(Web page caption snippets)

------------------------------------

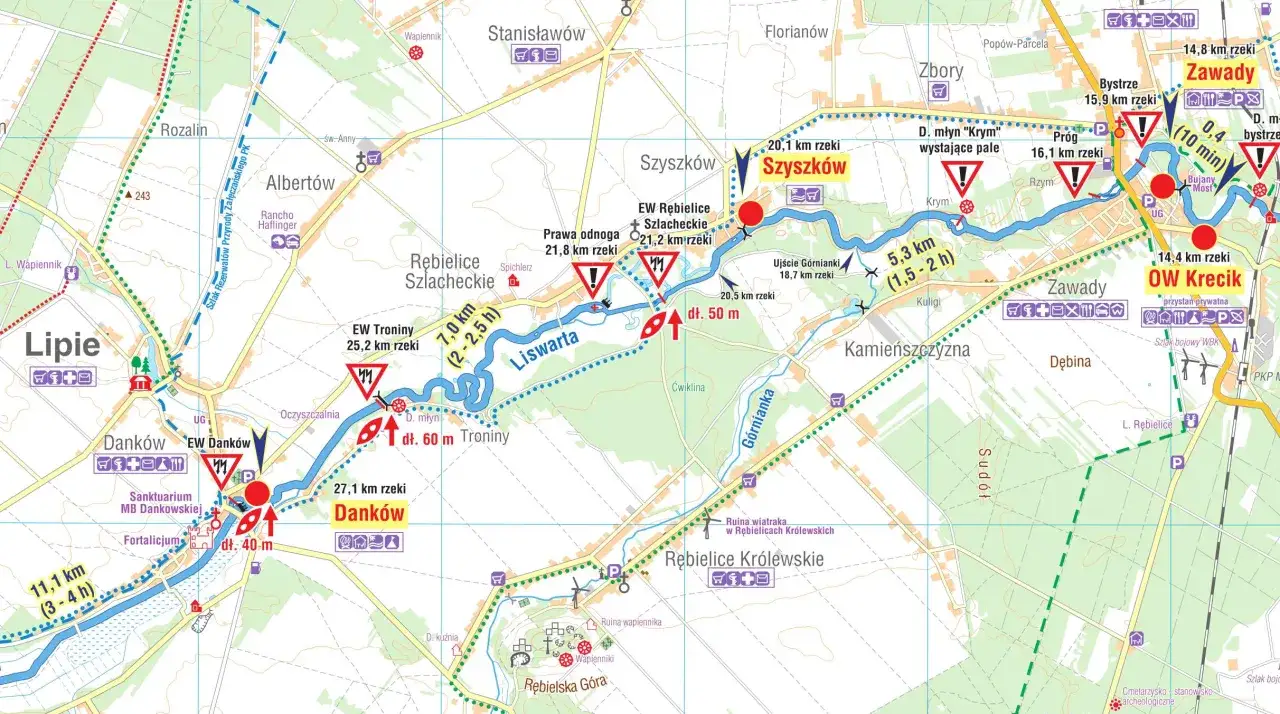 mapa tras kajakowych śląsk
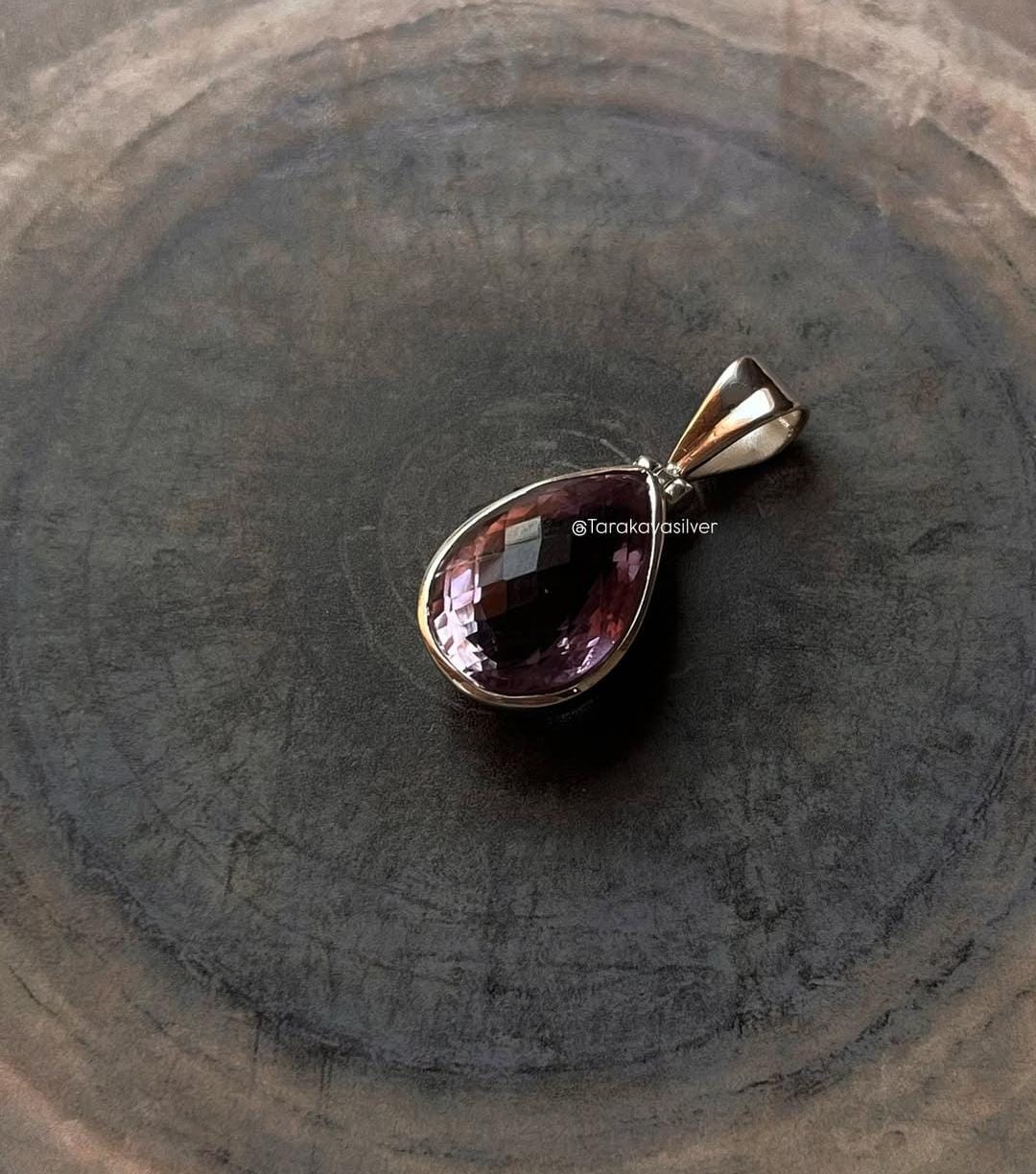 Sterling Silver Amethyst Pear-Shaped Pendant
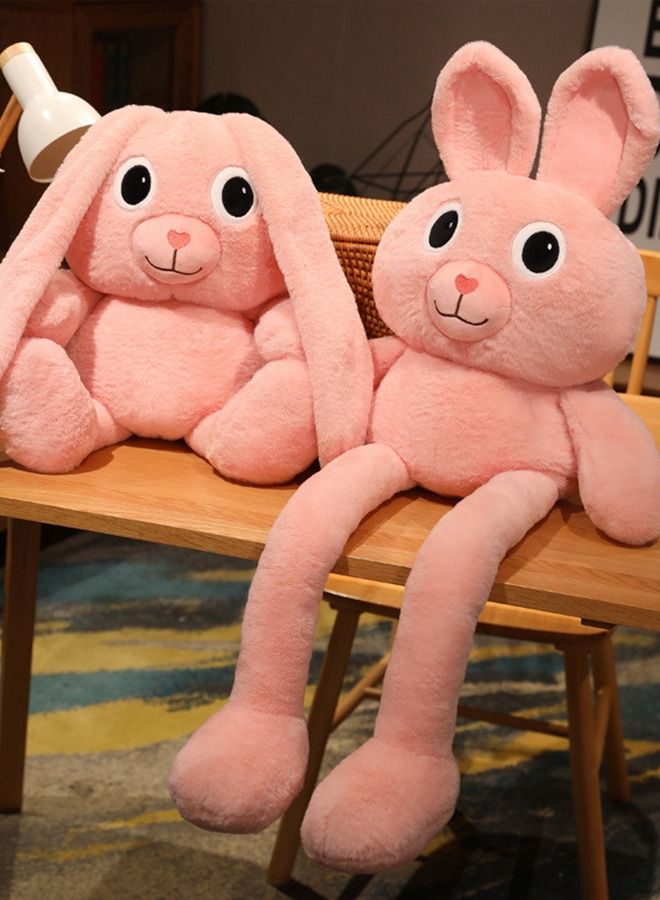 80CM Plush Bunny Pink Rabbits Toys Retractable Long Ears Legs Decompression Toy Throw Pillow for Home Bed Couch Sofa Car Chair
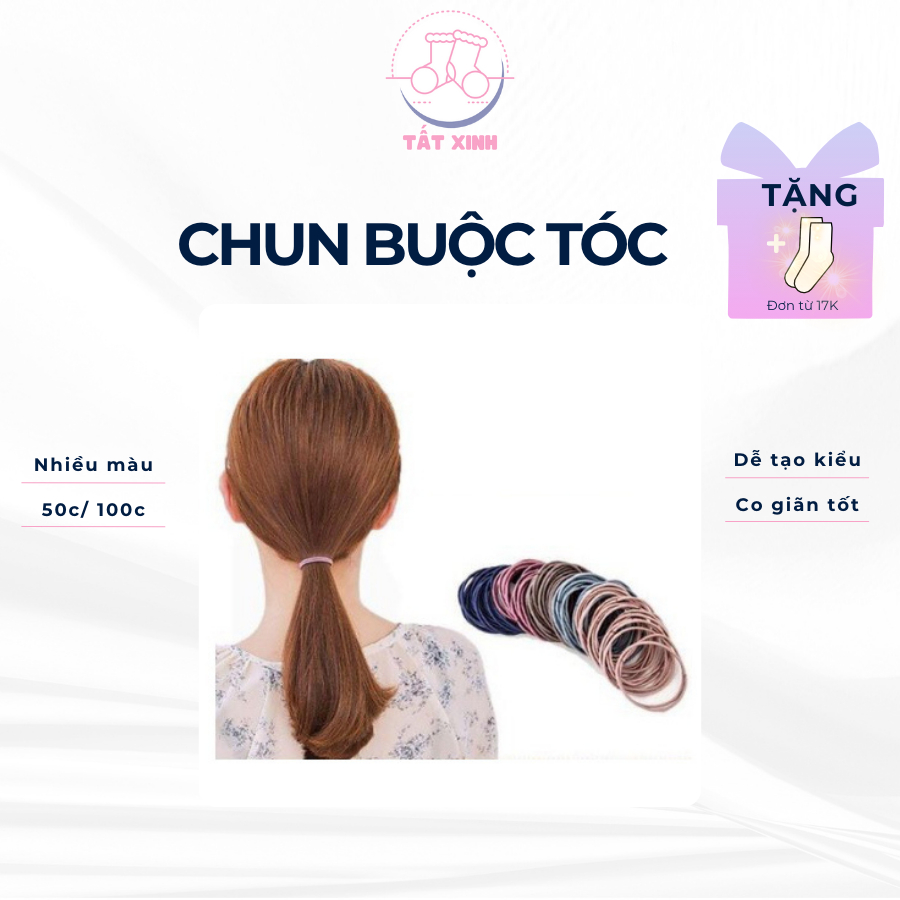Set 100 dây buộc tóc mix màu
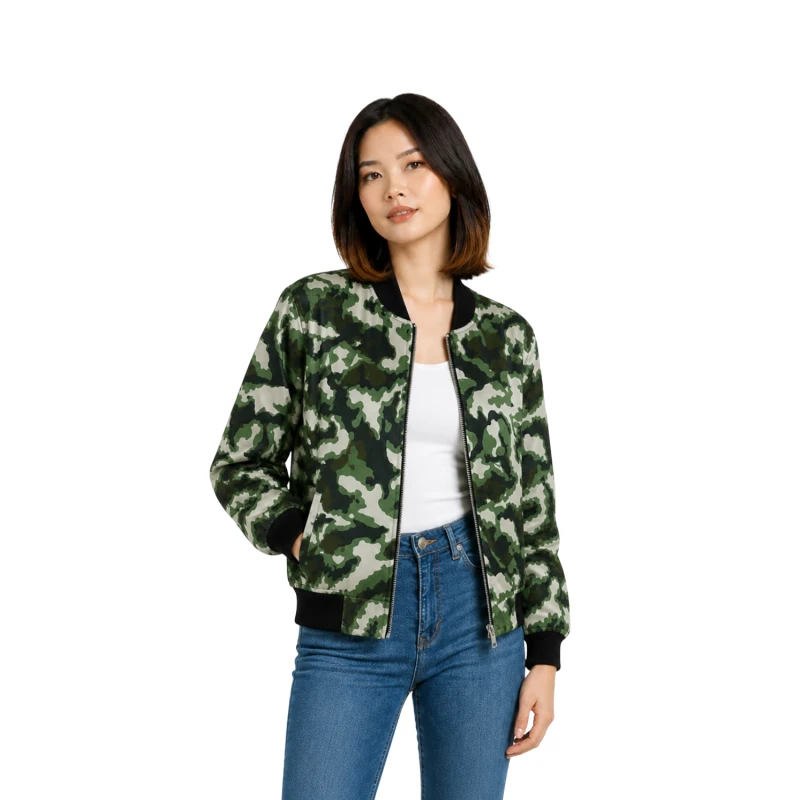Bomber Wanita Casual Army Look Hijau
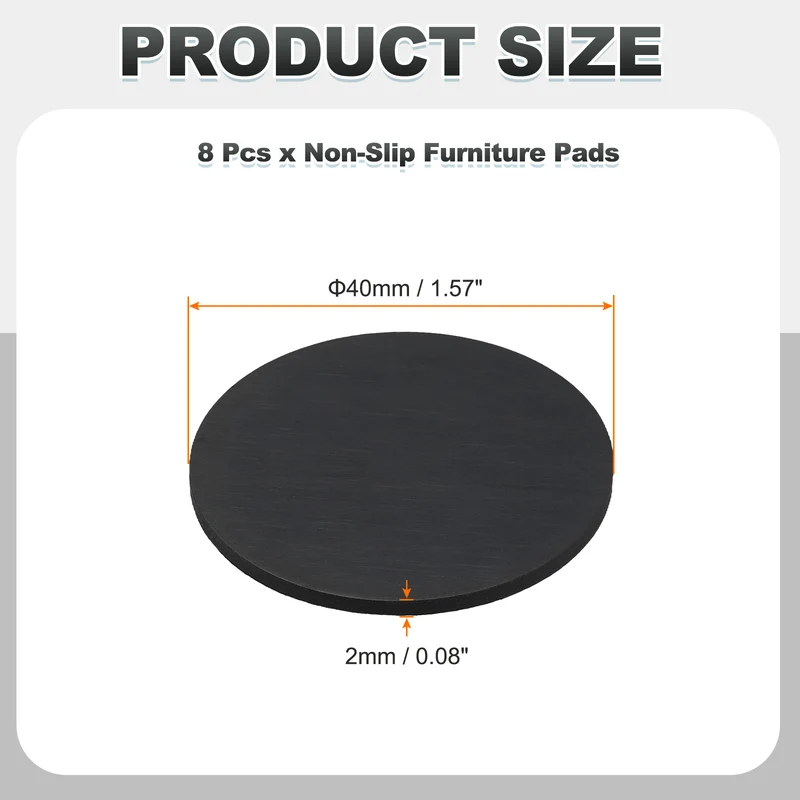 8pcs Non Slip Furniture Pads 1-9/16" x 0.08" Adhesive Round Rubber Feet Black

------------------------------------

INSTRUCTIONS FOR THE TASK: Write out the records shown above exactly, but do not include any images.

EXERCISE RESPONSE:
 mapa tras kajakowych śląsk
 Sterling Silver Amethyst Pear-Shaped Pendant
 80CM Plush Bunny Pink Rabbits Toys Retractable Long Ears Legs Decompression Toy Throw Pillow for Home Bed Couch Sofa Car Chair
Set 100 dây buộc tóc mix màu
Bomber Wanita Casual Army Look Hijau
 8pcs Non Slip Furniture Pads 1-9/16" x 0.08" Adhesive Round Rubber Feet Black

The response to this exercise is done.